The Art of Intuitive Eating
Nori Classic
The desire for mineral-rich, living foods has continued since our last post. And we’ve been filling this need with mineral-rich nori rolls, packed to the gills like big, fat, green burritos with energy-bursting, protein-rich, homegrown living food sprouts, avocado, grated cabbage and carrots, green onions, lime juice, and ginger root. Plus an array of toppings to add the finishing touches, such as the beautiful, and oh-so-delicious red bell pepper and onion sprinkles (directions follow), cayenne, Juniper Balsamic Vinegar, stoneground mustard, tahini, and coconut aminos.
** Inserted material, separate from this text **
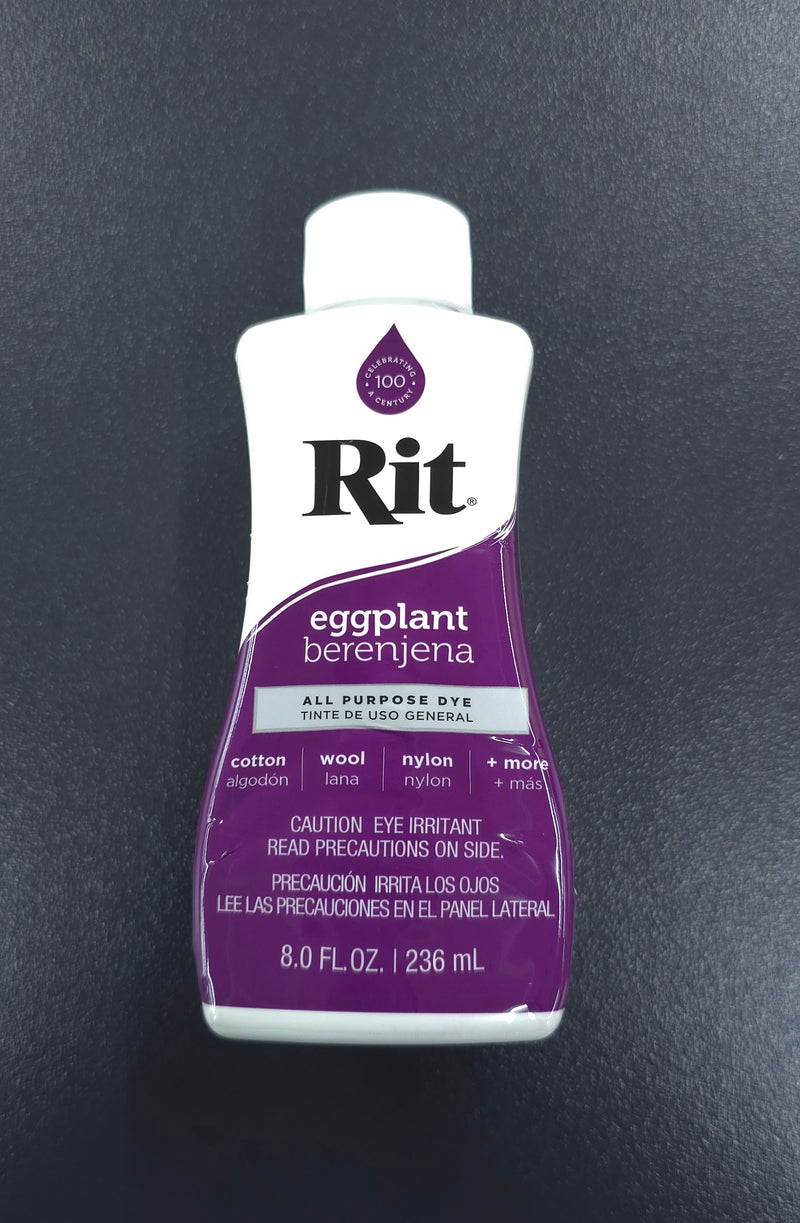 Rit All Purpose Dye Eggplant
Nori Classic There’s so many choices to create amazing flavor combinations! For us, a spicy-tangy combo has become our favorite. A natural sweetness comes from the sprinkles, and Juniper Balsamic Vinegar. Another plus: these rolls are soft enough to chew right away, and they slice easily with a good knife, keeping their shape. It took us a long time to find the right way to make nori rolls that weren’t soggy, tough and chewy, or too dry to chew!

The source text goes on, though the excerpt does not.